Samuel Pruvot : Le PS et LR semblent condamnés à jouer en seconde division. Parce que le paysage politique français a été bouleversé. Pour prendre une image géographique, les sommets alpins qui étaient détenus par le socialisme et droite classique sont devenus en quelques années de modestes collines. Cet arasement est aussi réel qu’humiliant. Ils se traduit dans les intentions de vote aux européennes. LR ne sont-ils pas crédités de 14% ?

La recomposition politique a pris la forme d’une « archipelisation ». Je fais mienne l’analyse de Jérôme Fourquet dans son dernier essai (L’archipel français Seuil). « Le paysage politique a implosé avec la culture française. L’ordre ancien était fondé sur l’affrontement entre la France catholique et la France laïque. Ce combat est terminé. » Résultat, la France n’est plus un corps électoral homogène avec deux poumons : la droite et la gauche. La France est en miettes. Ou plutôt composée de plusieurs archipels.

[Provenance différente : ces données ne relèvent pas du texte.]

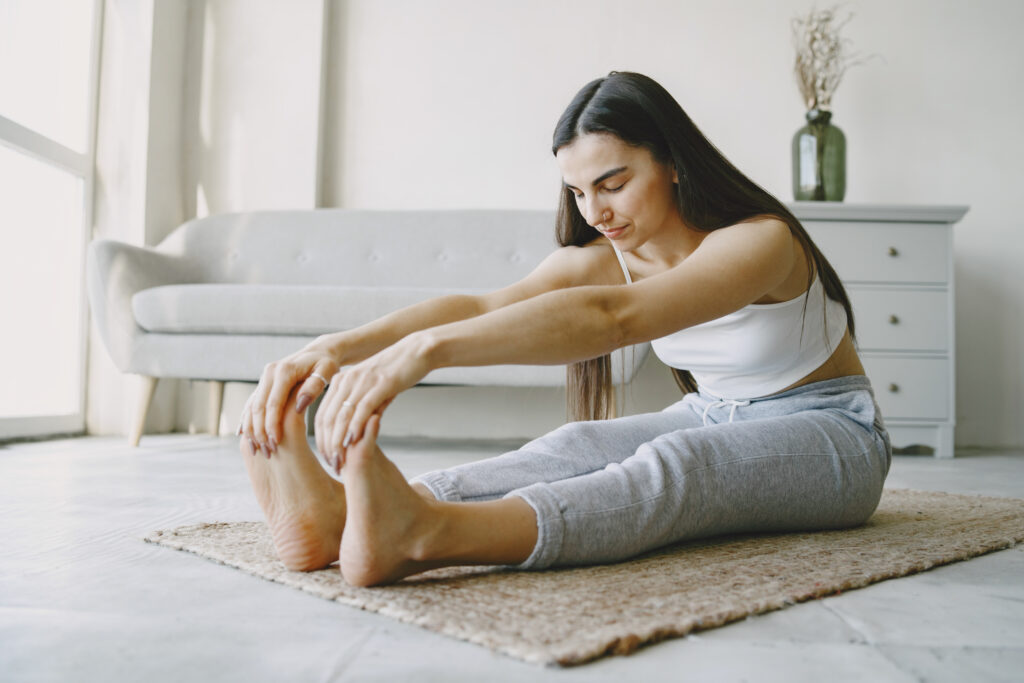 Mujer haciendo ejercicios de estiramiento para prevenir o aliviar metatarsalgia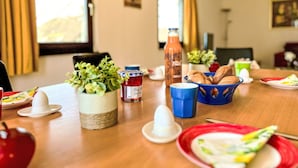 A dining table set with various food items, including bread, a bottle of juice, and condiments. - Cosy apartment in villa for 4 people with WIFI, A/C, TV, terrace and pets allowed (Bad Wildungen)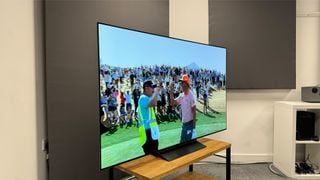 Televizor LG C4 de 65 de inci fotografiat dintr-un unghi ușor pe un suport de lemn. Pe ecran este afișată o imagine cu doi jucători de golf felicitându-se reciproc.
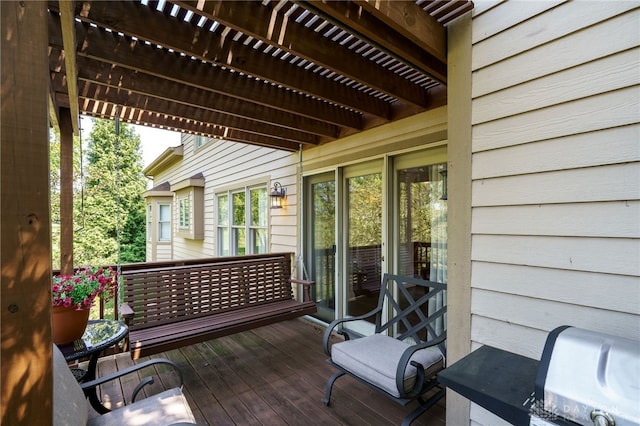 deck featuring area for grilling and a pergola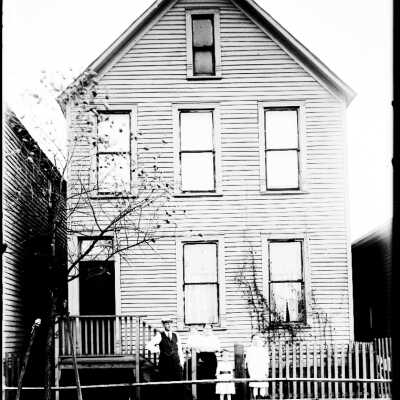 Family in Front of Home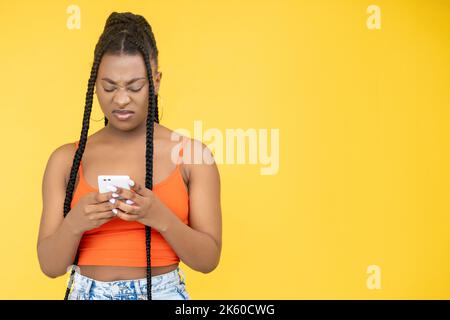bad connection spam message african woman phone Stock Photo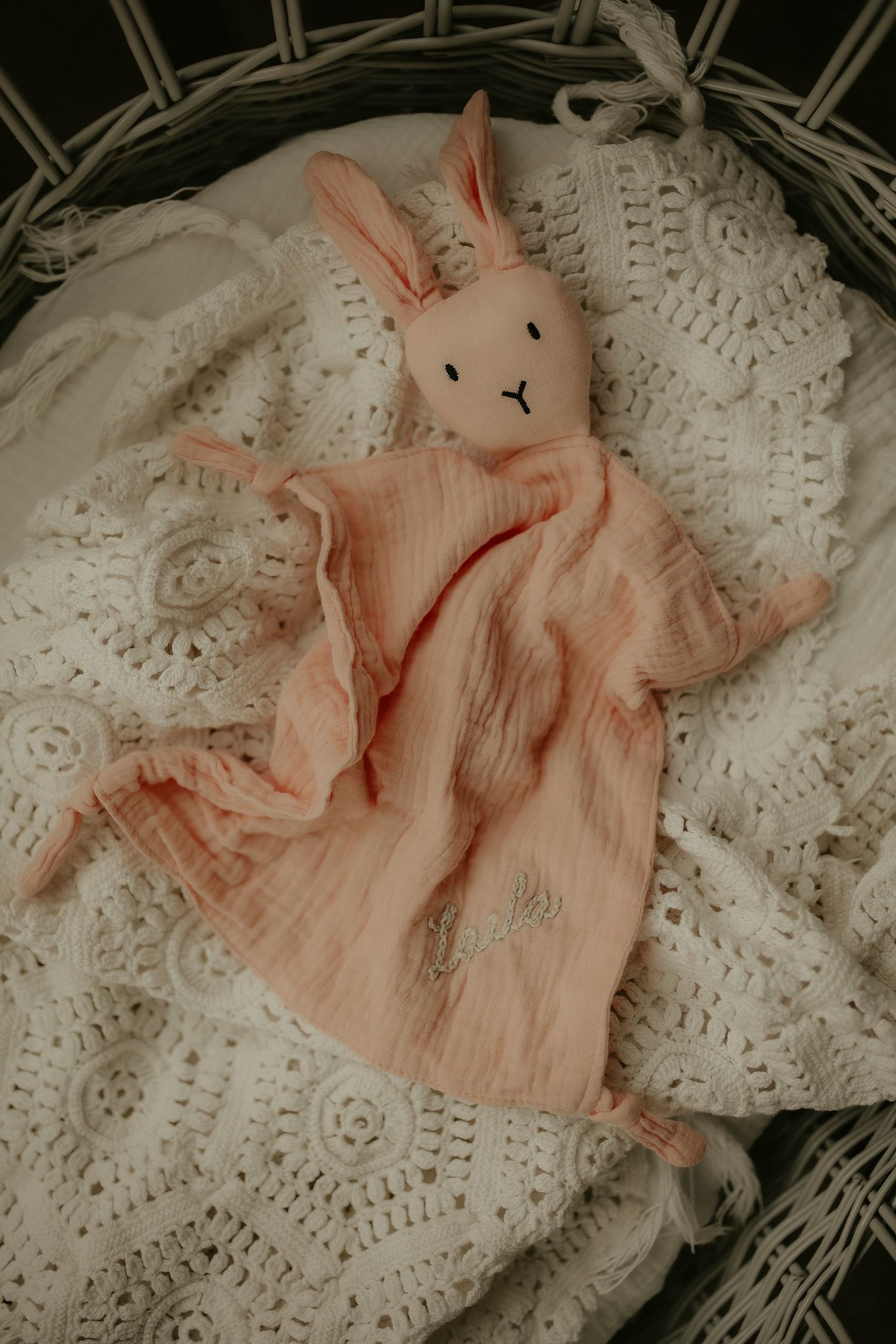 Pink bunny lovey security blanket toy resting in a wicker basket lined with white lace fabric.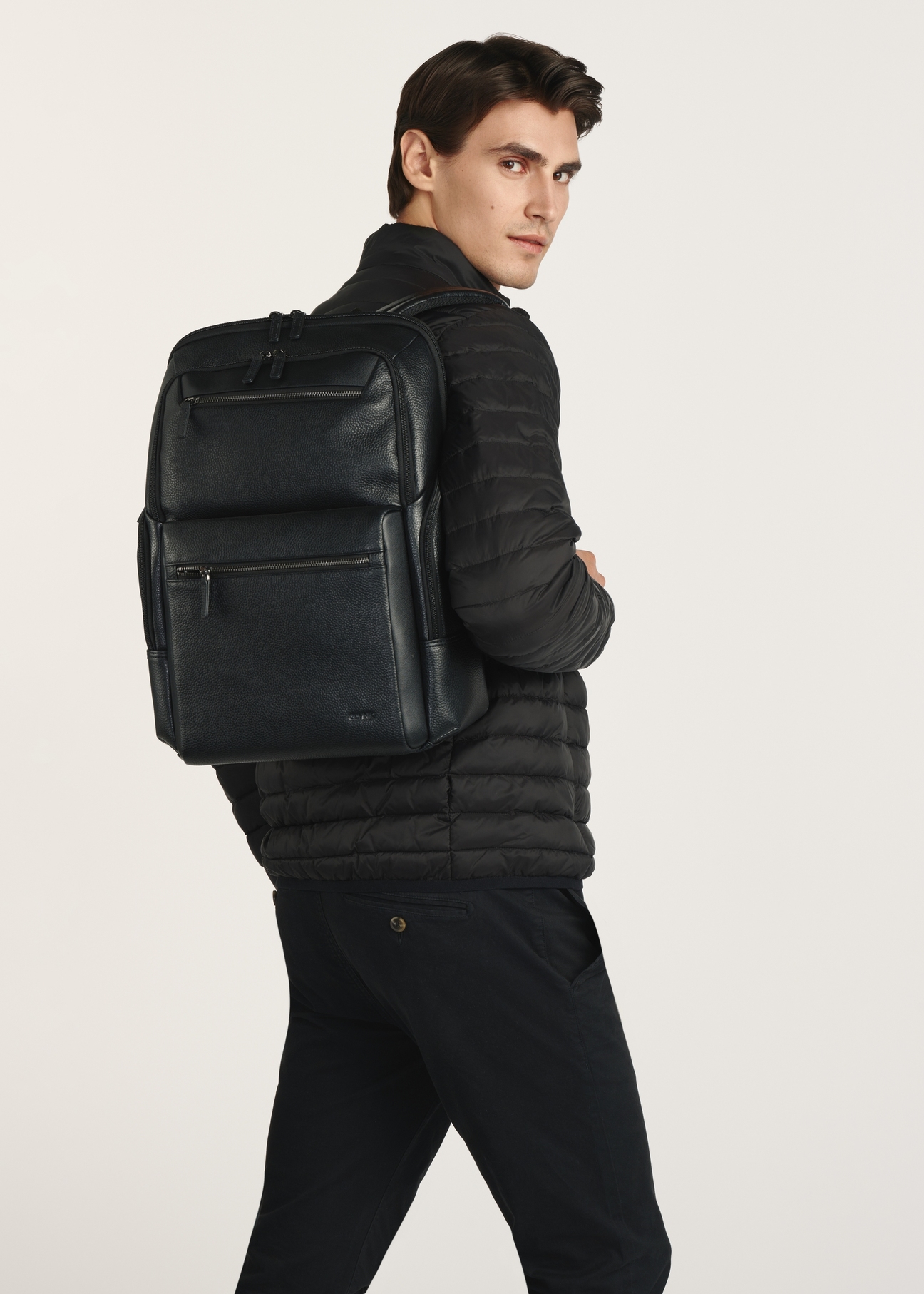 Black spacious leather backpack PLCMS-0023-99(Z25), front view of the product on the model, half of the silhouette visible.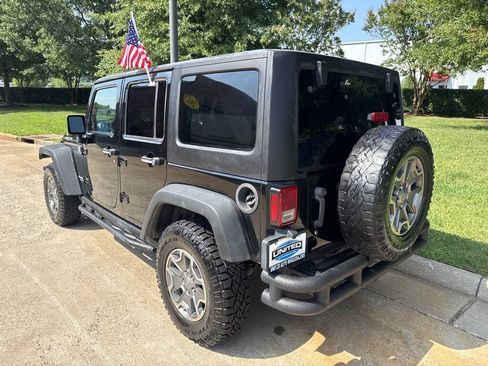 Used 2015 Jeep Wrangler Unlimited Rubicon w/ Dual Top Group AWD/4WD image 6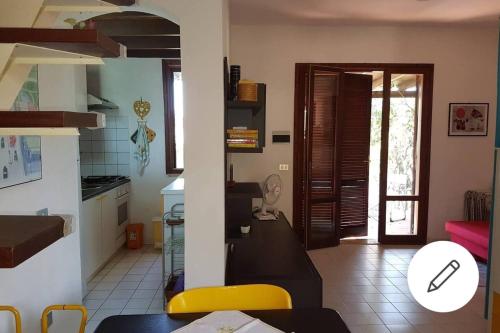 a kitchen with a table and a dining room at Villa Celeste in Torre delle Stelle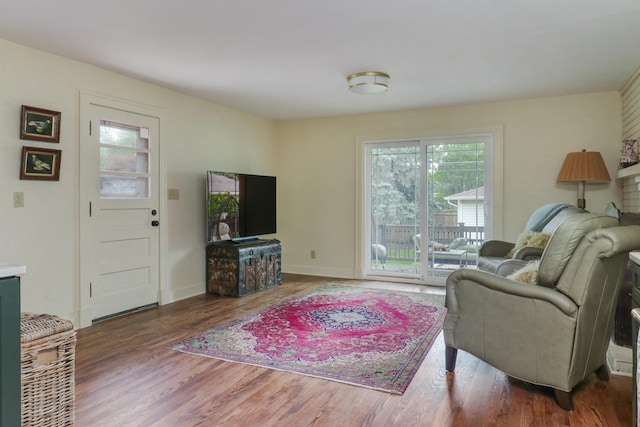 2013 E Taylor St, Bloomington, IL 61701 - living room featuring wood finished floors and baseboards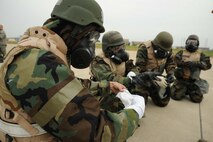 Members of the 8th Maintenance Group put on their MOPP 4 gear during an ability to survive and operate rodeo at Kunsan Air Base, Republic of Korea, Nov. 10. Airmen were evaluated in four man teams during 12 events, including transitioning from MOPP 0 to MOPP 4, self-aid buddy care, signs and counter signs, contaminated vehicles and stanchions. Each event was timed and graded as go-no on a 60 and 100 point scale. The team with the highest score and fastest time received a free pass. (U.S. Air Force photo by Senior Airman Brittany Y. Auld/Released)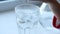 A child throws a soluble aspirin tablet in a glass of water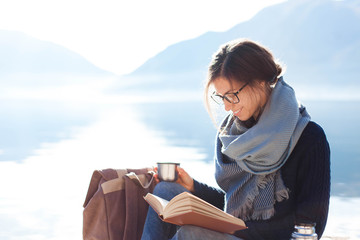 Young woman reading book at sea beach. Cozy winter picnic by morning mountains. Happy student in...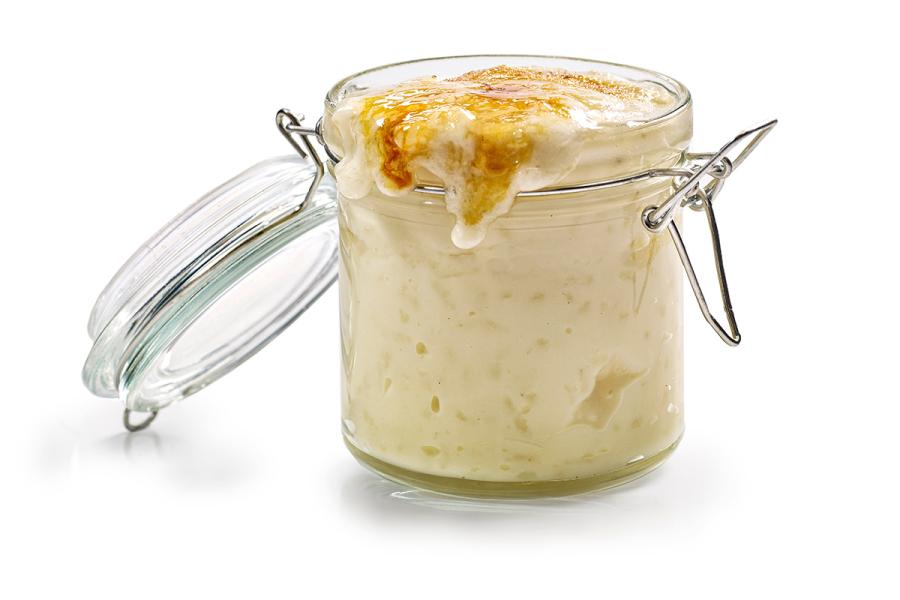 Un recipiente de vidrio con una porción de arroz con leche requemado.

Le PS et LR apparaissent comme des forces politiques marginales. Elles sont rétrogradées en 3e ou 4e position comme jadis l’UDF ou le Modem. Des forces d’appoint qui n’ont plus de place à la table des vainqueurs. LREM a beau être une pyramide qui repose sur la pointe, à savoir le charisme d’Emmanuel Macron, elle tient bon. Car Macron a suscité un vaste bloc central qui attire désormais à lui de Raffarin à Valls en passant par Cohn Bendit.